__WHAT NEEDS TO BE DONE__: Every entry is to be written out word for word.

[MATERIAL FOR THE TASK]

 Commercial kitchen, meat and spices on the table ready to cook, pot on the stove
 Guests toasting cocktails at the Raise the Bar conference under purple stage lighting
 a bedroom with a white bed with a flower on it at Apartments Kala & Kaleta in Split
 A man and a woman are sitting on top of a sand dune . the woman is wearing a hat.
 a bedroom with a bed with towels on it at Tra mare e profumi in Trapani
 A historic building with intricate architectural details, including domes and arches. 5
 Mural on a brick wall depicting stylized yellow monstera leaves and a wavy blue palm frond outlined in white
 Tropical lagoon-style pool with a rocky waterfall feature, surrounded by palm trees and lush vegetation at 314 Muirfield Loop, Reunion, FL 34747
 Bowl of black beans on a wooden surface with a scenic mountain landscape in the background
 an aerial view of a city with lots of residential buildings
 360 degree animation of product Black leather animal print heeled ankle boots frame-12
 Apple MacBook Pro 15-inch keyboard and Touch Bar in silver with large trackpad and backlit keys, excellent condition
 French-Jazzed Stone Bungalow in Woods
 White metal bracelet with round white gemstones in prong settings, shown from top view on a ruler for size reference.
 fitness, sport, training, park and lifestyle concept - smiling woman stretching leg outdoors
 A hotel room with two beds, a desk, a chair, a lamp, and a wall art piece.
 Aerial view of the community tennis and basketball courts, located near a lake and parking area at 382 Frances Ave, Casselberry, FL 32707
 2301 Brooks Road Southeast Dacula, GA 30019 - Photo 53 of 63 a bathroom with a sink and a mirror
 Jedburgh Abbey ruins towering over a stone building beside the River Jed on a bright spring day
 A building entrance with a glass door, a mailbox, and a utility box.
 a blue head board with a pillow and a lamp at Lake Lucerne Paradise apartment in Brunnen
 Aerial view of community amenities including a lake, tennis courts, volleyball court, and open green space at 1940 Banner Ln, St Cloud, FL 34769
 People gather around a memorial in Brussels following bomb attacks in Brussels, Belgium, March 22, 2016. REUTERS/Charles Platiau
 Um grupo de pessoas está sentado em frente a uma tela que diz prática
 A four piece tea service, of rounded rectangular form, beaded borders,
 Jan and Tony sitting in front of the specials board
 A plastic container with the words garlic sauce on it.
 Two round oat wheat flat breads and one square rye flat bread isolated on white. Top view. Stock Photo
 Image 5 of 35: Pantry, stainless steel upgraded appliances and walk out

[/MATERIAL FOR THE TASK]

__RESPONSE TO THE EXERCISE__:
 Commercial kitchen, meat and spices on the table ready to cook, pot on the stove
 Guests toasting cocktails at the Raise the Bar conference under purple stage lighting
 a bedroom with a white bed with a flower on it at Apartments Kala & Kaleta in Split
 A man and a woman are sitting on top of a sand dune . the woman is wearing a hat.
 a bedroom with a bed with towels on it at Tra mare e profumi in Trapani
 A historic building with intricate architectural details, including domes and arches. 5
 Mural on a brick wall depicting stylized yellow monstera leaves and a wavy blue palm frond outlined in white
 Tropical lagoon-style pool with a rocky waterfall feature, surrounded by palm trees and lush vegetation at 314 Muirfield Loop, Reunion, FL 34747
 Bowl of black beans on a wooden surface with a scenic mountain landscape in the background
 an aerial view of a city with lots of residential buildings
 360 degree animation of product Black leather animal print heeled ankle boots frame-12
 Apple MacBook Pro 15-inch keyboard and Touch Bar in silver with large trackpad and backlit keys, excellent condition
 French-Jazzed Stone Bungalow in Woods
 White metal bracelet with round white gemstones in prong settings, shown from top view on a ruler for size reference.
 fitness, sport, training, park and lifestyle concept - smiling woman stretching leg outdoors
 A hotel room with two beds, a desk, a chair, a lamp, and a wall art piece.
 Aerial view of the community tennis and basketball courts, located near a lake and parking area at 382 Frances Ave, Casselberry, FL 32707
 2301 Brooks Road Southeast Dacula, GA 30019 - Photo 53 of 63 a bathroom with a sink and a mirror
 Jedburgh Abbey ruins towering over a stone building beside the River Jed on a bright spring day
 A building entrance with a glass door, a mailbox, and a utility box.
 a blue head board with a pillow and a lamp at Lake Lucerne Paradise apartment in Brunnen
 Aerial view of community amenities including a lake, tennis courts, volleyball court, and open green space at 1940 Banner Ln, St Cloud, FL 34769
 People gather around a memorial in Brussels following bomb attacks in Brussels, Belgium, March 22, 2016. REUTERS/Charles Platiau
 Um grupo de pessoas está sentado em frente a uma tela que diz prática
 A four piece tea service, of rounded rectangular form, beaded borders,
 Jan and Tony sitting in front of the specials board
 A plastic container with the words garlic sauce on it.
 Two round oat wheat flat breads and one square rye flat bread isolated on white. Top view. Stock Photo
 Image 5 of 35: Pantry, stainless steel upgraded appliances and walk out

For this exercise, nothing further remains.